### Supplied material:
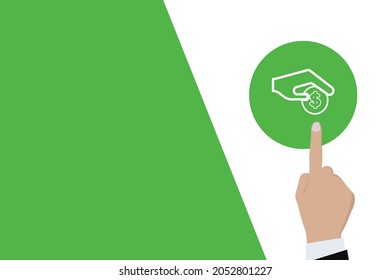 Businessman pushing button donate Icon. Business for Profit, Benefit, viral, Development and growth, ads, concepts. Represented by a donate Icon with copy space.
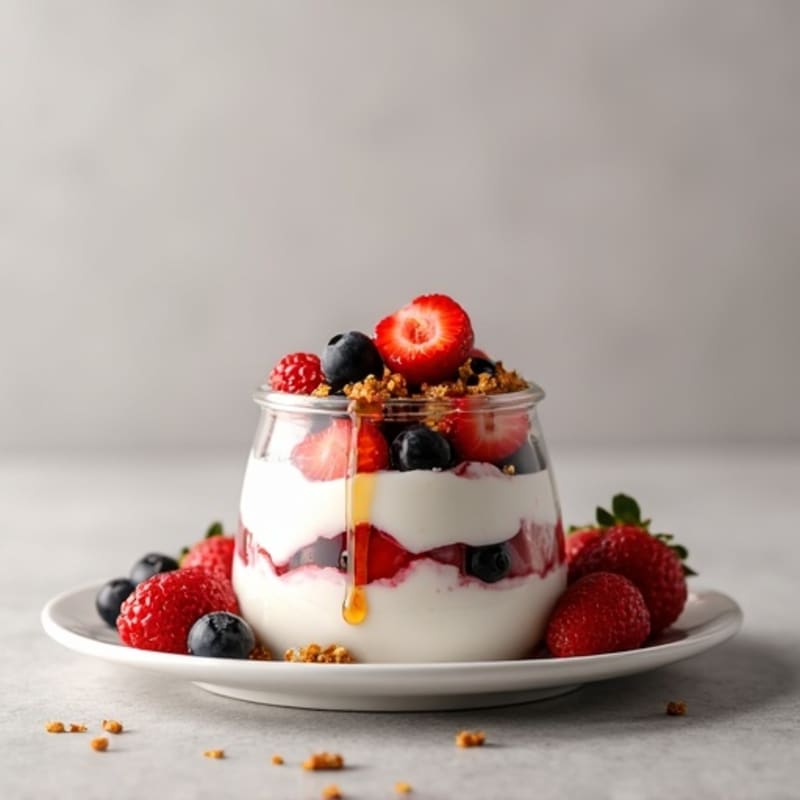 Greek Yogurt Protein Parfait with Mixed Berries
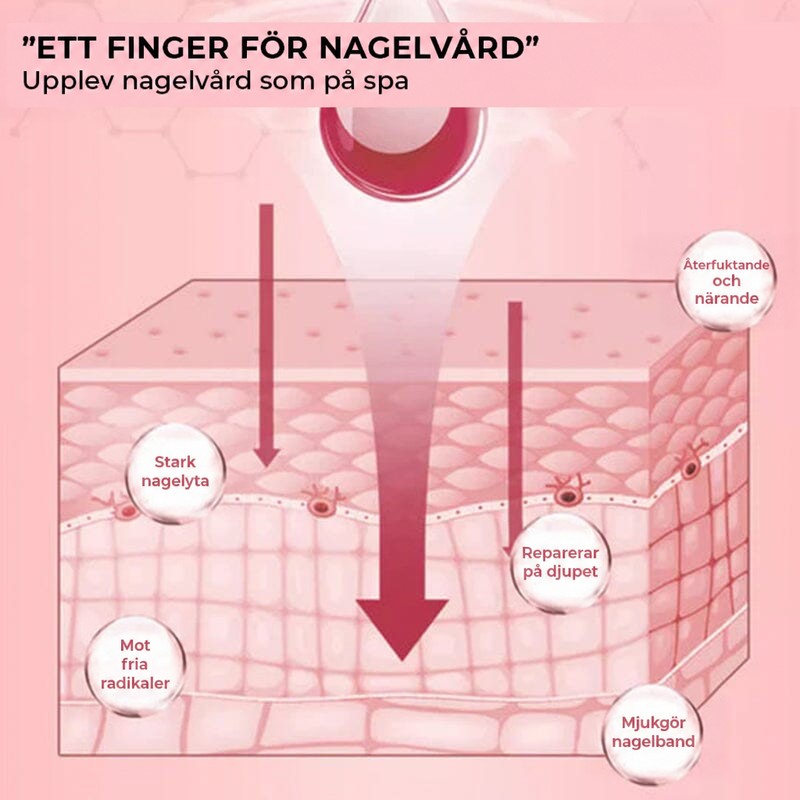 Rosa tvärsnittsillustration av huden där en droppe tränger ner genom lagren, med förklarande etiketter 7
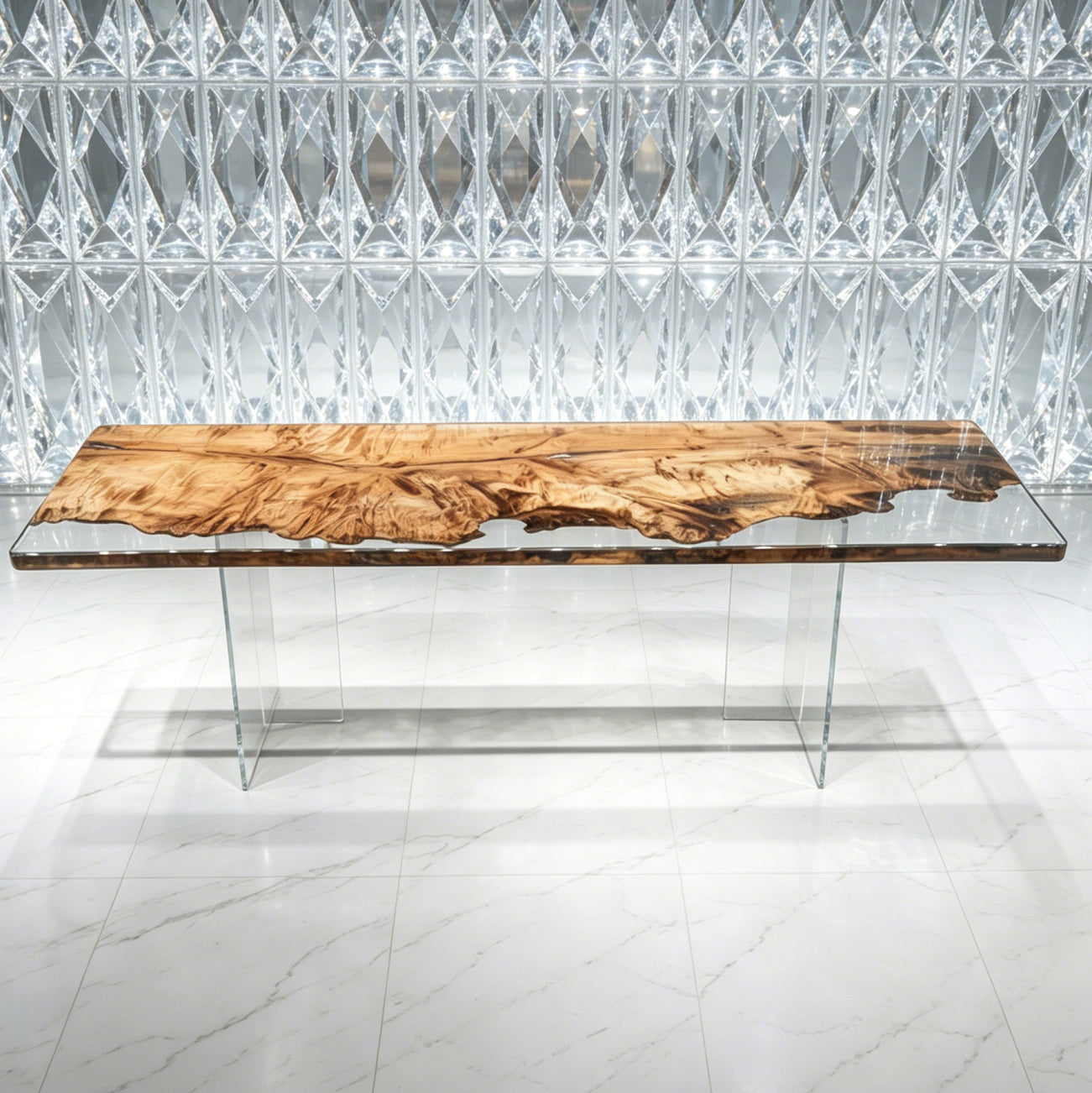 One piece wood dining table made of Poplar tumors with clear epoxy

* * *

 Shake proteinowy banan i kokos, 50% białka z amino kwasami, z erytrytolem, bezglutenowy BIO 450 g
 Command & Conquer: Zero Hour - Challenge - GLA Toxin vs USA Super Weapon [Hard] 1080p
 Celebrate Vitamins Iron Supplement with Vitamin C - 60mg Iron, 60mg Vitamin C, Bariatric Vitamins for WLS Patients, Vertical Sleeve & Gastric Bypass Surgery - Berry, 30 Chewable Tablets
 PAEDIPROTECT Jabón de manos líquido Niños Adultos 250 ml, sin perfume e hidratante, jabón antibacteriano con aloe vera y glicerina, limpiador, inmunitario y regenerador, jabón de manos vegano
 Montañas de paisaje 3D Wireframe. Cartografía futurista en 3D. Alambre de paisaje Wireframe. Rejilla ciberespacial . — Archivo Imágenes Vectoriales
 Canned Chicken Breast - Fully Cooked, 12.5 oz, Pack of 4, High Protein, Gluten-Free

...

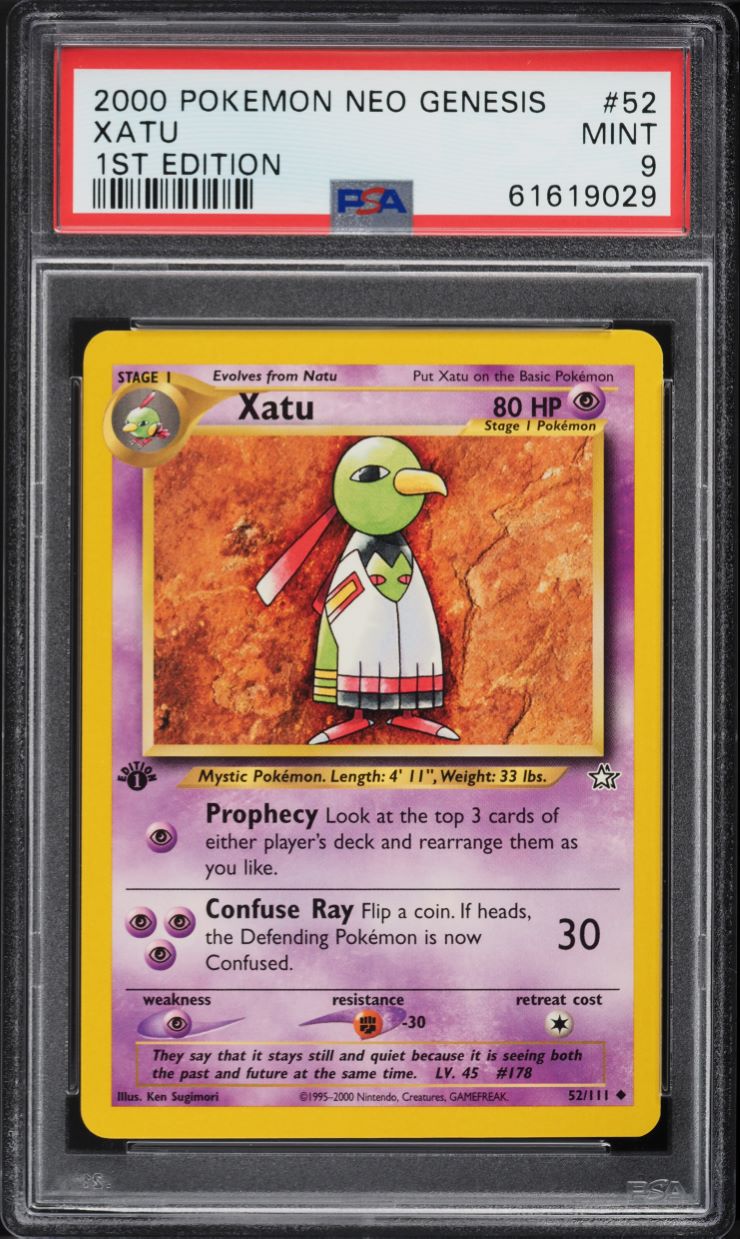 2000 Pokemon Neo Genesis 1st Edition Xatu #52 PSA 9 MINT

### Work task:
Copy only what lies between the line with "Businessman pushing button" and the line with "Rosa tvärsnittsillustration av", those two lines included, exactly as given above; pictures stay out.

### Task result:
 Businessman pushing button donate Icon. Business for Profit, Benefit, viral, Development and growth, ads, concepts. Represented by a donate Icon with copy space.
 Greek Yogurt Protein Parfait with Mixed Berries
 Rosa tvärsnittsillustration av huden där en droppe tränger ner genom lagren, med förklarande etiketter 7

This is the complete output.